TASK TO CARRY OUT: Set down, exactly as written, every line from the top of the records below to the line containing "是多么顶顶好的女孩[手指比心][捂嘴哭] ​", both ends included, and no others.

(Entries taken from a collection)
[Start of Attachment]

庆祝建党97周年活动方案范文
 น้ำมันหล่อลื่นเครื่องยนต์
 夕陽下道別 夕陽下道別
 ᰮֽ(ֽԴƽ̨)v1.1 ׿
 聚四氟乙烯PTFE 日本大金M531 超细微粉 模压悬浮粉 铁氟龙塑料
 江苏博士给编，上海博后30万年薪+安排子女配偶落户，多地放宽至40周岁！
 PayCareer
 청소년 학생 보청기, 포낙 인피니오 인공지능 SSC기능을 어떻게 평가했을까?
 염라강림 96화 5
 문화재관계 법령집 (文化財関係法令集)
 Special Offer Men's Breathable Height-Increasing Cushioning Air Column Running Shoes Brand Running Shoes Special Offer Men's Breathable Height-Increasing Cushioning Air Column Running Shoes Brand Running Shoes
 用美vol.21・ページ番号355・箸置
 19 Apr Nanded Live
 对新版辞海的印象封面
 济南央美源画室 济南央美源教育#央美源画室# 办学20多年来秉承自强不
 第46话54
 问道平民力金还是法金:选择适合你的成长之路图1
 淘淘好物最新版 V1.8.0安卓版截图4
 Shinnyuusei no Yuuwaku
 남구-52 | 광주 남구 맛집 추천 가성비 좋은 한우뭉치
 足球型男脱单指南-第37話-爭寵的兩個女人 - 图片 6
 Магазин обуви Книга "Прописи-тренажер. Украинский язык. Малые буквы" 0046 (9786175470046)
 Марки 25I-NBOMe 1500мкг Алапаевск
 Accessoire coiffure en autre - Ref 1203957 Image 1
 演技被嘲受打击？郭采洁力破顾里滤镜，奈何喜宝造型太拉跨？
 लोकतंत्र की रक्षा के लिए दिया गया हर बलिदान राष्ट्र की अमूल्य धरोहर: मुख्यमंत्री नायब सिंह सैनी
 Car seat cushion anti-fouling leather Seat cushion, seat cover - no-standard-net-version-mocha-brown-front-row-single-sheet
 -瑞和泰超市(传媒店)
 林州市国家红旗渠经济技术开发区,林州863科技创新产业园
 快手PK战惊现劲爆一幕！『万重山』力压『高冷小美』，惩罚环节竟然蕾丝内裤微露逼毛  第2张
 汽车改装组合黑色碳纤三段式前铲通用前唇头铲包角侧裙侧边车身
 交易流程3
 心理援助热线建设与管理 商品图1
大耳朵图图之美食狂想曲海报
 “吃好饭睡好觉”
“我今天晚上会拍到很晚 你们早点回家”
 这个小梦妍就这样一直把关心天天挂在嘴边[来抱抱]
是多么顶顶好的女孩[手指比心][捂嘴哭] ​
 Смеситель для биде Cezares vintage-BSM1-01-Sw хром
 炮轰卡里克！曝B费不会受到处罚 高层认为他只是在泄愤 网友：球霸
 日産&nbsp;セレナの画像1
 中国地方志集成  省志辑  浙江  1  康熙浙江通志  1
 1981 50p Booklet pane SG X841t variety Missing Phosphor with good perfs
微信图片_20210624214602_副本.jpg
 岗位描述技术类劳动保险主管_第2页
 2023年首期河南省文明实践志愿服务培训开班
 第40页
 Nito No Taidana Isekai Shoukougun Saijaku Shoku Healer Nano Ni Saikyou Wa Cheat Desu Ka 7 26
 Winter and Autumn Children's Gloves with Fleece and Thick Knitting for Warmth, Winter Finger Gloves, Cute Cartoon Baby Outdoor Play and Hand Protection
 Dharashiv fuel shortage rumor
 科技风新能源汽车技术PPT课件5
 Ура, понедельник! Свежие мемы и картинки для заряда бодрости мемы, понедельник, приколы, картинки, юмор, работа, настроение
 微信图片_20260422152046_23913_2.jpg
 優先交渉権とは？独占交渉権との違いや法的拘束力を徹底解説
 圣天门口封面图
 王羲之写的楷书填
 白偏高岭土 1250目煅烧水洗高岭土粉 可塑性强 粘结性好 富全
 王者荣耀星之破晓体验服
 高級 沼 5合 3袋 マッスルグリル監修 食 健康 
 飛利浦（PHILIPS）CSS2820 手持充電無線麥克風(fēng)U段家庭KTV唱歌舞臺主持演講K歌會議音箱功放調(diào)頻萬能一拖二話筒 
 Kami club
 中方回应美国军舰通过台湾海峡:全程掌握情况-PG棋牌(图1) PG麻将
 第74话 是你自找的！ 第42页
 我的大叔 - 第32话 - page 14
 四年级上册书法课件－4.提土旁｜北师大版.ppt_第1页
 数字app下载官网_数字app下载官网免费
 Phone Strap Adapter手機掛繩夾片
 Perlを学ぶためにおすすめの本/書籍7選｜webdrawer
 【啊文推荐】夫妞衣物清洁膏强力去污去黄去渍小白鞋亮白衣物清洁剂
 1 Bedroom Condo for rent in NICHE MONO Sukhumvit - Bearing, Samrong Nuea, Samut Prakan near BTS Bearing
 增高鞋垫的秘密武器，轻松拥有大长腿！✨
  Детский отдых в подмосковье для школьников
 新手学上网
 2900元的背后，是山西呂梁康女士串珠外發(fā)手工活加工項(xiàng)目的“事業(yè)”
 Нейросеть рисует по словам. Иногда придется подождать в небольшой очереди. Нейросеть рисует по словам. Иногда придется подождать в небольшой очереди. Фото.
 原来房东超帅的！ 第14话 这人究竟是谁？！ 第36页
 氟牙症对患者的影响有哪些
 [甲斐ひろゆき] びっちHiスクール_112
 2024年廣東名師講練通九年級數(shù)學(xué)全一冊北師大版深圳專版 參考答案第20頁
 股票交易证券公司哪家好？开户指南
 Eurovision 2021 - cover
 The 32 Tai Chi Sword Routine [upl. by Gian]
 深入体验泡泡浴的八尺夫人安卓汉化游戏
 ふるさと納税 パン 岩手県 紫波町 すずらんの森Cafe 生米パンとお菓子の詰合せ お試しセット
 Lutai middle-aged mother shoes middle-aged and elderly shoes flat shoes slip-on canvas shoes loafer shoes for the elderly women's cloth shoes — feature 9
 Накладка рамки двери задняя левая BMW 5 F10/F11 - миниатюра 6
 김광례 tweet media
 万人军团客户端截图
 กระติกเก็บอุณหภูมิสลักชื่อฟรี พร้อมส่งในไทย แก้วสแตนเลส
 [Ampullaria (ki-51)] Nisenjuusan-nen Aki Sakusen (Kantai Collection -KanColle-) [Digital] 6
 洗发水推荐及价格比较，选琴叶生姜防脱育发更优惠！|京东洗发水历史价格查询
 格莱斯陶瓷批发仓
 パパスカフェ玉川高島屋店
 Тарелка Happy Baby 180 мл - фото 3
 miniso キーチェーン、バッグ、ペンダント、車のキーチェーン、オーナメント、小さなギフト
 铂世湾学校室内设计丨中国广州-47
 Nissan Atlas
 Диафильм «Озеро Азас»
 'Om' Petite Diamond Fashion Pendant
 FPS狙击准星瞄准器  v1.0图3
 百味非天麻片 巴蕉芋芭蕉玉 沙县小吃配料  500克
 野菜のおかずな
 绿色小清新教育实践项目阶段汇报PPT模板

[End of Attachment]

TASK SOLUTION:
庆祝建党97周年活动方案范文
 น้ำมันหล่อลื่นเครื่องยนต์
 夕陽下道別 夕陽下道別
 ᰮֽ(ֽԴƽ̨)v1.1 ׿
 聚四氟乙烯PTFE 日本大金M531 超细微粉 模压悬浮粉 铁氟龙塑料
 江苏博士给编，上海博后30万年薪+安排子女配偶落户，多地放宽至40周岁！
 PayCareer
 청소년 학생 보청기, 포낙 인피니오 인공지능 SSC기능을 어떻게 평가했을까?
 염라강림 96화 5
 문화재관계 법령집 (文化財関係法令集)
 Special Offer Men's Breathable Height-Increasing Cushioning Air Column Running Shoes Brand Running Shoes Special Offer Men's Breathable Height-Increasing Cushioning Air Column Running Shoes Brand Running Shoes
 用美vol.21・ページ番号355・箸置
 19 Apr Nanded Live
 对新版辞海的印象封面
 济南央美源画室 济南央美源教育#央美源画室# 办学20多年来秉承自强不
 第46话54
 问道平民力金还是法金:选择适合你的成长之路图1
 淘淘好物最新版 V1.8.0安卓版截图4
 Shinnyuusei no Yuuwaku
 남구-52 | 광주 남구 맛집 추천 가성비 좋은 한우뭉치
 足球型男脱单指南-第37話-爭寵的兩個女人 - 图片 6
 Магазин обуви Книга "Прописи-тренажер. Украинский язык. Малые буквы" 0046 (9786175470046)
 Марки 25I-NBOMe 1500мкг Алапаевск
 Accessoire coiffure en autre - Ref 1203957 Image 1
 演技被嘲受打击？郭采洁力破顾里滤镜，奈何喜宝造型太拉跨？
 लोकतंत्र की रक्षा के लिए दिया गया हर बलिदान राष्ट्र की अमूल्य धरोहर: मुख्यमंत्री नायब सिंह सैनी
 Car seat cushion anti-fouling leather Seat cushion, seat cover - no-standard-net-version-mocha-brown-front-row-single-sheet
 -瑞和泰超市(传媒店)
 林州市国家红旗渠经济技术开发区,林州863科技创新产业园
 快手PK战惊现劲爆一幕！『万重山』力压『高冷小美』，惩罚环节竟然蕾丝内裤微露逼毛  第2张
 汽车改装组合黑色碳纤三段式前铲通用前唇头铲包角侧裙侧边车身
 交易流程3
 心理援助热线建设与管理 商品图1
大耳朵图图之美食狂想曲海报
 “吃好饭睡好觉”
“我今天晚上会拍到很晚 你们早点回家”
 这个小梦妍就这样一直把关心天天挂在嘴边[来抱抱]
是多么顶顶好的女孩[手指比心][捂嘴哭] ​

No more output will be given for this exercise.